JW : C’était exceptionnel de voir la presse quotidienne défendre l’existence d’institutions américaines vilipendées encore hier, mais qui trouvent un retour en grâce (de l’OMC jusqu’à l’OTAN, en passant par CNN et les grandes universités de classe) du simple fait qu’elles sont attaquées aujourd’hui par Musk, et aussi la prolifération d’articles sur l’Etat de droit et sa pure défense du pouvoir judiciaire sans analyse théorique de l’Etat. Simple désir de retour à une légalité de société capitalisée enserrée dans des règles normatives acceptables. Le trumpisme serait illégal. Il s’agissait alors, pour la bonne gauche démocrate d’essayer de faire la différence entre un Etat de droit et un état d’exception. Tous les états d’exception ont fait attention à la dimension de l’Etat de droit. C’est ce qui les différencie des Etats issus de pronunciamentos (ex. Argentine ou Afrique), où il n’y a pas de Constitution ni d’élections, où l’armée intervient en tant que corps de la nation. La défense de l’Etat de droit par la gauche se fait maintenant au nom de la défense des acquis. Le risque est qu’aux échappements des démocraties dites illibérales et à leur durcissement répressif ne soit opposé qu’un retour à la démocratie libérale. Une exigence de légalité bien plus que de légitimité, qui ne peut guère être mobilisatrice.

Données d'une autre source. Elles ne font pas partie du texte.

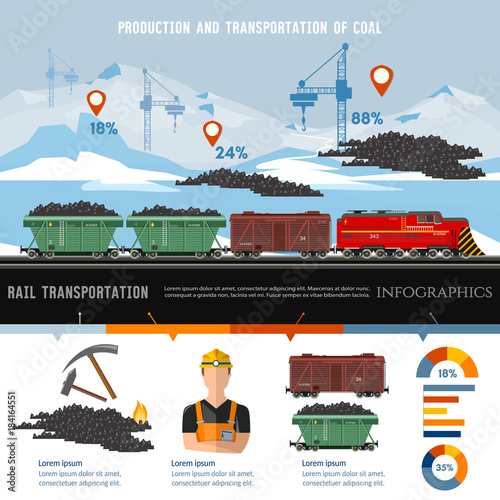 Coal mine, the train with coal infographic. Production and transportation of coal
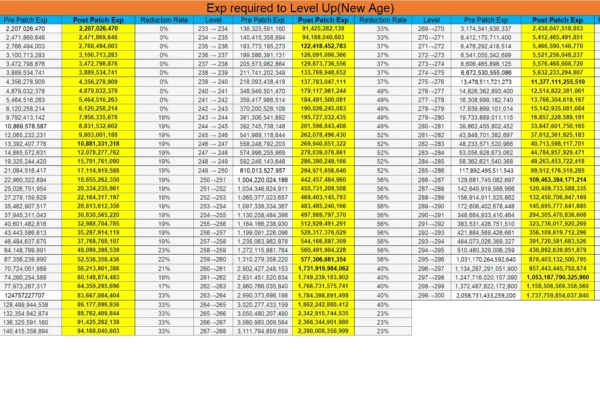 MapleStory EXP Coupon Chart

G : Dans un passage tu montres une fracture au sein du capital. Paradoxalement ces gens dénoncés autrefois par la gauche sont perçus comme un rempart face au trumpisme. Ce que cela montre, c’est l’effondrement de la capacité de la gauche à penser autre chose. Ce que le trumpisme vient mettre en lumière.
JW : Il passe tout au révélateur parce qu’il contredit l’idée qu’il s’agit d’un système où rien ne serait repérable et où tout irait dans le même sens parce que suivant un « plan du capital ». Rien de plus faux pour nous. La victoire de Trump et la recomposition du pouvoir qui s’effectue autour de lui sont plutôt le signe de la dureté des luttes entre fractions du capital, comme je le développais dans un précédent numéro. J’y attirais aussi l’attention sur « la démocratisation du capital » (fonds de pension et capital fictif) et ma critique de toute théorie en termes de pouvoir oligarchique. En effet, l’apparition et le développement des plateformes a été favorisé par la financiarisation du capital, et cette même « démocratisation » a aussi affaibli les positions hiérarchiques héritées. Je parlais alors, dans ce numéro 21 de la revue, des fractions financières ; cette fois, autour de Trump, il s’agit des fractions technologiques. Il y a un renouvellement des élites. Il ne faut pas oublier que dans la modernité le brassage s’est toujours fait par le biais des classes moyennes, et cela dès le développement des villes et de la première bourgeoisie, avant même la Révolution française par exemple, parce que ce sont les lieux de brassage entre nouvelles et anciennes couches (par exemple, plus personne ne parle en termes de petite bourgeoisie parce que cette ancienne fraction propriétaire a été remplacée par les nouvelles couches moyennes salariées). A présent on observe un peu le même phénomène dans les cercles dirigeants : ce sont les marginaux de la classe capitaliste qui ont formé des fractions très dynamiques et les plus innovantes, parce qu’elles n’avaient rien à perdre (elles n’avaient rien accumulé) et tout à gagner, le risque étant pris par d’autres (capital-risque) en échange du contrôle de la capitalisation finale. C’est encore plus net aux USA où la mobilité est bien plus forte, mais en France il y a eu une mise au rancart progressive des capitalistes traditionnels (voir l’évolution du CNPF devenu Medef et maintenant dirigé par les secteurs de pointe et non plus par les mines et la sidérurgie).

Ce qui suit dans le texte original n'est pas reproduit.